• [PROBLEM TO WORK ON]: Which lines have the string "Cross"? Copy all of them from the entries below.

• [EXTRACTED ENTRIES]:

::::

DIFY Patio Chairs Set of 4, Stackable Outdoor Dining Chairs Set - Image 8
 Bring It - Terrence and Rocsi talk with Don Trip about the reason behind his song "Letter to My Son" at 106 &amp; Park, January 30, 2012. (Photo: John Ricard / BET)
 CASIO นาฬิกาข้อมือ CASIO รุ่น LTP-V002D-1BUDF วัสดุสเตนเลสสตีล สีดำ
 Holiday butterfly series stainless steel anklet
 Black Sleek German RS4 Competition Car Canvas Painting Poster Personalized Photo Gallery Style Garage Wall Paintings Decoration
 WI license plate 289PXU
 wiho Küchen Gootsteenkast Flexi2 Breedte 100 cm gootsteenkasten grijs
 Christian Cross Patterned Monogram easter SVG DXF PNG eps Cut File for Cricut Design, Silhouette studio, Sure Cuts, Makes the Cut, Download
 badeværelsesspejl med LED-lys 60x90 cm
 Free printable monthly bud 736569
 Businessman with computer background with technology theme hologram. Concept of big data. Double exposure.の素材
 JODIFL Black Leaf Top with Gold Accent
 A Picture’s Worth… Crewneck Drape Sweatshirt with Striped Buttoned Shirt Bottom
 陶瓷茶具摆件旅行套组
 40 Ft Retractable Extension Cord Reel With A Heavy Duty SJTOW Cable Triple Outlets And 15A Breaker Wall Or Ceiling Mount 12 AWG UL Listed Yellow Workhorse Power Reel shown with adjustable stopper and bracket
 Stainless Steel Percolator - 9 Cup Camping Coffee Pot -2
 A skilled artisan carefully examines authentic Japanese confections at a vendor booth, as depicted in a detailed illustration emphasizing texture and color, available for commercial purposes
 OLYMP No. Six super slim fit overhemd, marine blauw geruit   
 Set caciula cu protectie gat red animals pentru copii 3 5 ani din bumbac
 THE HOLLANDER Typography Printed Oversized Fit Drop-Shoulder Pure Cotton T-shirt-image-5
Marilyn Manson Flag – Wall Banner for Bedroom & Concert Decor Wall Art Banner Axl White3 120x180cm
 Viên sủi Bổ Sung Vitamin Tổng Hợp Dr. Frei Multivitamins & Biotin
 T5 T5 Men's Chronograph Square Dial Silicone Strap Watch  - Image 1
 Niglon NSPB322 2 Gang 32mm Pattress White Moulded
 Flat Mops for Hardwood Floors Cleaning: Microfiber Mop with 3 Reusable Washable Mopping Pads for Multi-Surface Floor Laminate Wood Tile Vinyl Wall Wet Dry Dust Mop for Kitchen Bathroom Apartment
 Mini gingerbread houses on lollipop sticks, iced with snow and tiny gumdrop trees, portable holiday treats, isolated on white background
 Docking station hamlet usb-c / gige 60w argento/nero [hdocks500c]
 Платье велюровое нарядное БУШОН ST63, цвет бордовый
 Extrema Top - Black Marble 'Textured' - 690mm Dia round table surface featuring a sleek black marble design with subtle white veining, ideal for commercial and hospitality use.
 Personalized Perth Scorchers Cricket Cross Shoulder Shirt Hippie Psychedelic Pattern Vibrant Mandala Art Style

::::

• [REPLY TO THE TASK]:
 Christian Cross Patterned Monogram easter SVG DXF PNG eps Cut File for Cricut Design, Silhouette studio, Sure Cuts, Makes the Cut, Download
 Personalized Perth Scorchers Cricket Cross Shoulder Shirt Hippie Psychedelic Pattern Vibrant Mandala Art Style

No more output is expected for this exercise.